TEACHERS, parents and other interested groups will continue to lobby for a reversal of education cutbacks in the coming weeks and months despite their failure to persuade government TDs to vote against them.
The attendance of 12,000 people at a protest against education cuts outside the Dáil on Wednesday night will be used as a reminder to the Government of public concern about the issue, regardless of its survival on the Labour Party motion on class sizes yesterday.
It is understood that a number of government backbenchers have already agreed to lobby Education Minister Batt O’Keeffe and other cabinet members on those concerns.
The most urgent worries are about the impact of changes to substitution cover for teachers on uncertified sick leave from January, which primary and second-level schools say will lead to closures or children being sent home because of an inability to have classes supervised.
The Association of Secondary Teachers Ireland (ASTI) outlined to Mr O’Keeffe yesterday, in a meeting after the Dáil vote, the effects it expects the cutbacks will have on schools.
“We emphasised the damaging effects that the removal of substitution will have in the very short term. We asked him to reflect very seriously on that matter because primary and second-level managerial authorities have said schools will be in chaos because of that decision,” said ASTI general secretary John White.
However, there was no sign that any changes are likely to be made to the proposed budget cuts.
“The minister told them he wants their members to work with him through the challenges ahead and co-operate with any changes proposed,” Mr O’Keeffe’s spokesman said.
The Irish National Teachers’ Organisation (INTO) will hold rallies against education cuts each Saturday between November 8 and December 6 in Galway, Tullamore, Cork, Donegal and Dublin and ASTI members are being asked to highlight the effects on their schools to local Government party TDs in the coming weeks.
The result of a ballot of the INTO’s 25,000 members on the latest national pay deal is expected to be known at the weekend.

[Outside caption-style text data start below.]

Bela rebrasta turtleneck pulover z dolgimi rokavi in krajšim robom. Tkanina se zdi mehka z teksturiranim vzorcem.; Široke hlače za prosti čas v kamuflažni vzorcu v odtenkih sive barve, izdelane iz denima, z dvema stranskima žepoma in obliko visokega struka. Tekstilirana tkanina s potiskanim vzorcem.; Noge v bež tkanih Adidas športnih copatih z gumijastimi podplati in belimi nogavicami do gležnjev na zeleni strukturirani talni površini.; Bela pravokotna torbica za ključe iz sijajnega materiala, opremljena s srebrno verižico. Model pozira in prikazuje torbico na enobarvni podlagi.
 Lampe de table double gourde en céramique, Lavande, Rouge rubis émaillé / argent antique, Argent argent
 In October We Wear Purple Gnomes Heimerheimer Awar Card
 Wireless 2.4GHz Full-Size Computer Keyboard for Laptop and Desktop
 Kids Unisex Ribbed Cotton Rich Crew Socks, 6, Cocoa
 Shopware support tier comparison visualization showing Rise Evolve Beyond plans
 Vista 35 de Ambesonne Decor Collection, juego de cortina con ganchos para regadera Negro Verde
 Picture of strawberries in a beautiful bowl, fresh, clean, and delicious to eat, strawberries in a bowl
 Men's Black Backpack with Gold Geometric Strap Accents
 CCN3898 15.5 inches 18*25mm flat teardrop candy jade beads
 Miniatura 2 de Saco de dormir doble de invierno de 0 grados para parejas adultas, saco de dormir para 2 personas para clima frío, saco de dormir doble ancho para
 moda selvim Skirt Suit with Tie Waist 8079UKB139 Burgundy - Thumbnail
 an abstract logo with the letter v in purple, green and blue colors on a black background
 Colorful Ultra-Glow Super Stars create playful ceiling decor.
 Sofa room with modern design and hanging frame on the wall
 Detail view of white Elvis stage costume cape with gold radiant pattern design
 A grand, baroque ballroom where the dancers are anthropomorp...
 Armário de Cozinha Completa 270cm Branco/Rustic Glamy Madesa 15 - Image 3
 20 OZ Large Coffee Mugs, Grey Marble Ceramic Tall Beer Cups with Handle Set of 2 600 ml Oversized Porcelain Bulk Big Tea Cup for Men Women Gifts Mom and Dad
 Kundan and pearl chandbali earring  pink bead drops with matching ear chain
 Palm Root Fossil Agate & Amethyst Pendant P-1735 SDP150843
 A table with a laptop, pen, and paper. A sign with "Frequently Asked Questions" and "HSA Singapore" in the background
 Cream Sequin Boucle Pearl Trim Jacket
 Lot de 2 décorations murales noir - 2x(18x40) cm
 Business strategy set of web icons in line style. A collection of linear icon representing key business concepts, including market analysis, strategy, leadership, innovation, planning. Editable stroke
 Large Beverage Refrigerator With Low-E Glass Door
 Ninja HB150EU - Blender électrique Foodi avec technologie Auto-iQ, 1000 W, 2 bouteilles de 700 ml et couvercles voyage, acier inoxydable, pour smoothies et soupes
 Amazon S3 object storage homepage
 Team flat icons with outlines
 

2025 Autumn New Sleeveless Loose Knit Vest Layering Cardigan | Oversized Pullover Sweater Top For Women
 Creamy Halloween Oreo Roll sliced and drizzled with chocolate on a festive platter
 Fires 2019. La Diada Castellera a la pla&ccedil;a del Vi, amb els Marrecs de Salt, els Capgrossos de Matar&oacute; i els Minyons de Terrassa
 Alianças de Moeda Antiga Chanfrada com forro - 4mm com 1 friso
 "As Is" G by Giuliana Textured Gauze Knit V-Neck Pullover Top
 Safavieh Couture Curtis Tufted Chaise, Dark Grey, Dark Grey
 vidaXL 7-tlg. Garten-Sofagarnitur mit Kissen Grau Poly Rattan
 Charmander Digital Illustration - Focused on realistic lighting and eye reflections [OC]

It is unclear if this or the ballots of the ASTI and Teachers’ Union of Ireland — open until November 7 and 14, respectively — will be used by the country’s 60,000 teachers as a protest vote against the budget.
However, the 6% pay rise which the deal would secure them and other public servants over 21 months from next September could be hard to turn down, given the economic changes witnessed even since the deal was agreed six weeks ago.
Mr White stressed that the pay deal and the budget are separate issues.